Our Souls at Night by Kent Haruf
The mechanism of love remains a mystery. It cannot be quantified, but it can be described. This is what Kent Haruf achieved in his fifth and final novel, Our Souls at Night. It concerns an elderly couple who begin a new relationship with very specific boundaries. They have known one another only as longtime acquaintances, neighbors with a passing familiarity to one another and to each other’s long deceased spouses. The woman, Addie, approaches the man, Louis, and asks him to begin sleeping with her, but not sexually. Just sleeping in the same bed, talking, and somehow allowing each person to get through the night in restful sleep.
This is a story about people at an advanced age in life, and people who have lived in small-town America all of their lives. They are not looking for thrills, but to have a real human connection, and Addie’s idea is a novel way to begin. Theirs is a story about how to salve the ills of being old and alone. Humans are built to connect with one another, something that they lose over time living with one person and later, outliving them and being alone. The problem of being old means life gets shorter and shorter, and the younger people in one’s community, whether less old or much younger, will not relate to them, having not yet reached that point in their lives, accompanied by its unique perspective. What’s most difficult about being alone are the nights, the long stretches of time set aside for rest are often anything but restful. For our relationship to time is not a set of mere hour markers, but a response to everything that happens, or should happen, during our daytime lives. We should not only be busy and productive, but we should also have a caring and supportive partner who shares our outlook and experiences. We should be able to go to sleep with the knowledge that we are loved, and that we will continue to be loved.

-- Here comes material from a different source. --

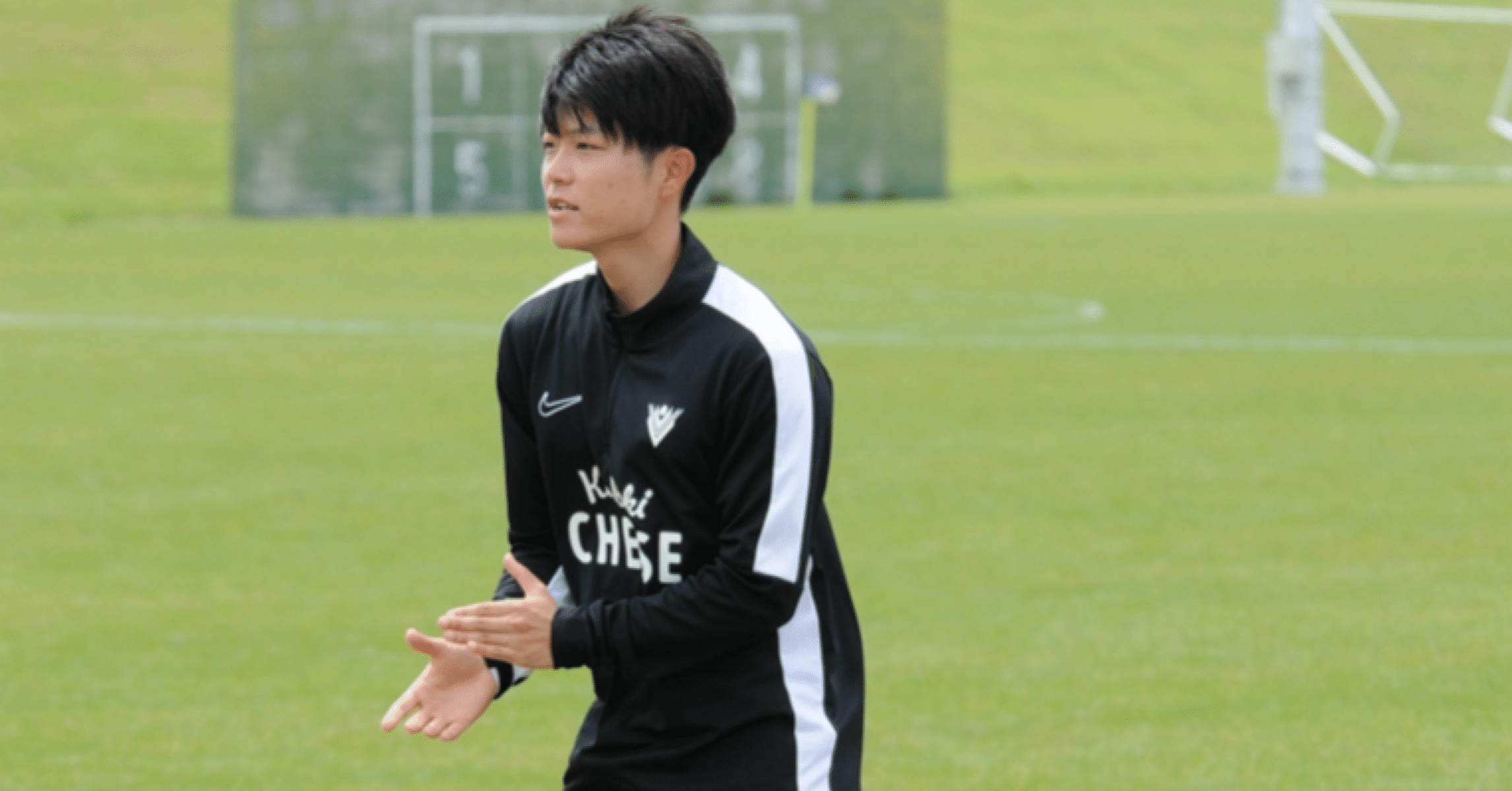 トレーナーとしての成長や喜び （4年 加藤展太 高城高校）｜鹿屋体育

The simple relationship that Addie and Louis achieve is so primal that it has no role to play in a public regard. Yes, they are a couple. Yes, they love one another. But their relationship is not part of a larger community of similar relationships, as traditionally defined as courting, romance, and marriage. It’s a love that doesn’t need any of those things, which are mired in romantic innocence and the struggles of the young. Without being young, and without needing the temptations of the flesh, one can commit to intimacy wholeheartedly. This of course jibes with any traditional notion of love. But that’s also what makes it interesting as a story. They are beleaguered by small mindedness, especially in the person of Addie’s grown son, Gene, whose own son Jamie lives with her and Louis for a time while Gene is attending to the simultaneous dissolution of his marriage and his business. Gene has serious doubts as to their relationship, and thinks all the worst things about Louis. These biases are wrought up in past events of their family, which Addie recounts to Louis during one of their nightly conversations. The question on your mind is surely whether or not their story ends well. All I can say, is that their love continues.